→ Task prompt
Your answer should be one number: how many lines of the data include the string "фото"?

→ Study material
Start of Block

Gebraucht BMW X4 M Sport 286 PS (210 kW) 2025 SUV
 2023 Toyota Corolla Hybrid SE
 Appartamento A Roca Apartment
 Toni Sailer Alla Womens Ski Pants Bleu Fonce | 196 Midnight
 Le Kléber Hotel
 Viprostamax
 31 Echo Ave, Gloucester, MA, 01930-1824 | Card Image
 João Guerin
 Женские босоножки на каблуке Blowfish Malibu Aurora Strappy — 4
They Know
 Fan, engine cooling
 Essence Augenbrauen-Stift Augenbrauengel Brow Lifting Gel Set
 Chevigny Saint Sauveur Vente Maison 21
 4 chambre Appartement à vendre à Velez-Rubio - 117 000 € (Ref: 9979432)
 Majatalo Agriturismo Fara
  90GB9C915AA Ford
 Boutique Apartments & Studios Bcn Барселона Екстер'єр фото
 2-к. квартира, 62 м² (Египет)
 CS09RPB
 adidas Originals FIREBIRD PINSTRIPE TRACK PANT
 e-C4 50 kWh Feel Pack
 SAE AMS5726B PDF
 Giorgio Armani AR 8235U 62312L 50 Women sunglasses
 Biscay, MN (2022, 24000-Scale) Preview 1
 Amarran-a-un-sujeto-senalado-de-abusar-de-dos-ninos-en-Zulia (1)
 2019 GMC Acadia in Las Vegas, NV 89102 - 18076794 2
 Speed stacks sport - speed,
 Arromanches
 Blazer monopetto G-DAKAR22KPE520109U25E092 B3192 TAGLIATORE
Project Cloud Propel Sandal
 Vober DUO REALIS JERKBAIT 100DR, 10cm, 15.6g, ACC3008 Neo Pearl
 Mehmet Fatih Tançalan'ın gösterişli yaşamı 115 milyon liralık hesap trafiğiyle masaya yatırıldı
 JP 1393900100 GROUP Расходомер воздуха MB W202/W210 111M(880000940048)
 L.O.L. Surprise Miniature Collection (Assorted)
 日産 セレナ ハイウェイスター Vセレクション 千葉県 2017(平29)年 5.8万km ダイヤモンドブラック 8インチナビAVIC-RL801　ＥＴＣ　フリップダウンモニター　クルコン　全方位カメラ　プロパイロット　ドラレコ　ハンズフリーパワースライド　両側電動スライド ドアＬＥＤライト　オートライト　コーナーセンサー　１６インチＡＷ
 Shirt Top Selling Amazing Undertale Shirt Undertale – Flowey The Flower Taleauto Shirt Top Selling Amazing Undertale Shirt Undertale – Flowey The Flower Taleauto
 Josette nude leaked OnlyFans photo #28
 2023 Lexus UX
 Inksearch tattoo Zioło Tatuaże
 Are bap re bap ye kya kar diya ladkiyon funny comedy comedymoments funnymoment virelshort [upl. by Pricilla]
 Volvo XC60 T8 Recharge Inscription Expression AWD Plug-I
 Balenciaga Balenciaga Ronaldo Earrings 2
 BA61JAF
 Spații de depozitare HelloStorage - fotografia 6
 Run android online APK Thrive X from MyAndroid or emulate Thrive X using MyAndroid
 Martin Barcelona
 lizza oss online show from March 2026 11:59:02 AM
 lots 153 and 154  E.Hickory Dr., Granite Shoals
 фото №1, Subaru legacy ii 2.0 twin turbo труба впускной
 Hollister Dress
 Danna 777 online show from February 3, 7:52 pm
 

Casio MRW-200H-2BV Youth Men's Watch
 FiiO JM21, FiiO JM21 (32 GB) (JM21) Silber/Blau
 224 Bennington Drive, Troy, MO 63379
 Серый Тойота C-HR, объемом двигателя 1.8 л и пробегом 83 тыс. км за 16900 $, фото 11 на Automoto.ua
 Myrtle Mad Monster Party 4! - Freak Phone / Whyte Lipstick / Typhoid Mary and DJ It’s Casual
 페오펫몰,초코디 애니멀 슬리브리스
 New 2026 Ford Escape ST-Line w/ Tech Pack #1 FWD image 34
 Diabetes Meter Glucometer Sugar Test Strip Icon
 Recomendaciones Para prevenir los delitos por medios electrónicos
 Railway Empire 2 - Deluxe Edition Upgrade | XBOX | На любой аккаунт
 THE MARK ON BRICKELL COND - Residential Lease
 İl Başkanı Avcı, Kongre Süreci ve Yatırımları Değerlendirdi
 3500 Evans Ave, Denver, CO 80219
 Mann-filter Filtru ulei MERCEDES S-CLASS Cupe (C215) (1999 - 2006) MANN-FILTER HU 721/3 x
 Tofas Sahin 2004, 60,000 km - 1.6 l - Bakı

End of Block

→ Response to the task
3